Pur moment de cinéma
Fils de plouc ne doit faire aucun effort pour dépeindre avec une infinie tendresse les marginaux et les exclus tout en gardant le curseur du bon goût du bon côté de la console. D’ailleurs, au regard de la profession de Cachemire, Fils de plouc aurait très bien pu et logiquement s’appeler Fils de pute. Lenny: « On ne voulait pas faire de la provoc’ juste pour faire de la provoc’. On voulait rester drôles et légers, même si les deux frères devaient traverser des choses horribles. »

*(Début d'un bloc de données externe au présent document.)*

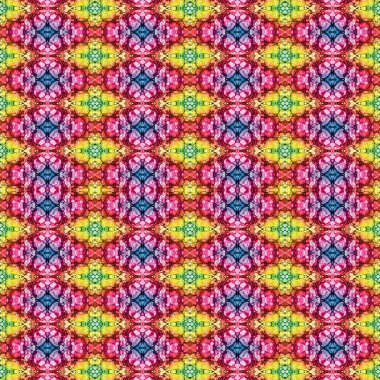 Seamless pattern. Creative texture. Abstract pattern. Modern background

Bouclé avec un budget de 170 000 euros grâce à l’aide du Centre du Cinéma et de l’Audiovisuel de la Fédération Wallonie-Bruxelles, Fils de plouc peut aussi compter sur un casting qui a fière allure. On retrouve les potes et habitués des courts métrages des Guit – Nathalie vous nique tous ou La Brigade du kiff- disponibles sur leur chaîne YouTube Clubb Guitos, mais aussi Mathieu Amalric, Claire Bodson et sa moitié, Yannick Renier. « Mathieu nous a reçus chez lui et il est venu un jour à Bruxelles. Claire, on l’a vue au théâtre. Elle lisait le scénario chez elle, était super emballée et nous a suggéré Yannick. » Avant de prendre congé, Lenny insiste sur le fait que Fils de plouc est bien plus qu’un film de potes: « C’est un pur moment de cinéma où on a essayé de mettre les sensations qu’on aime vivre lorsqu’on va dans une salle, comme le dégoût, la peur et le rire aussi. » Des sensations fortes, en somme.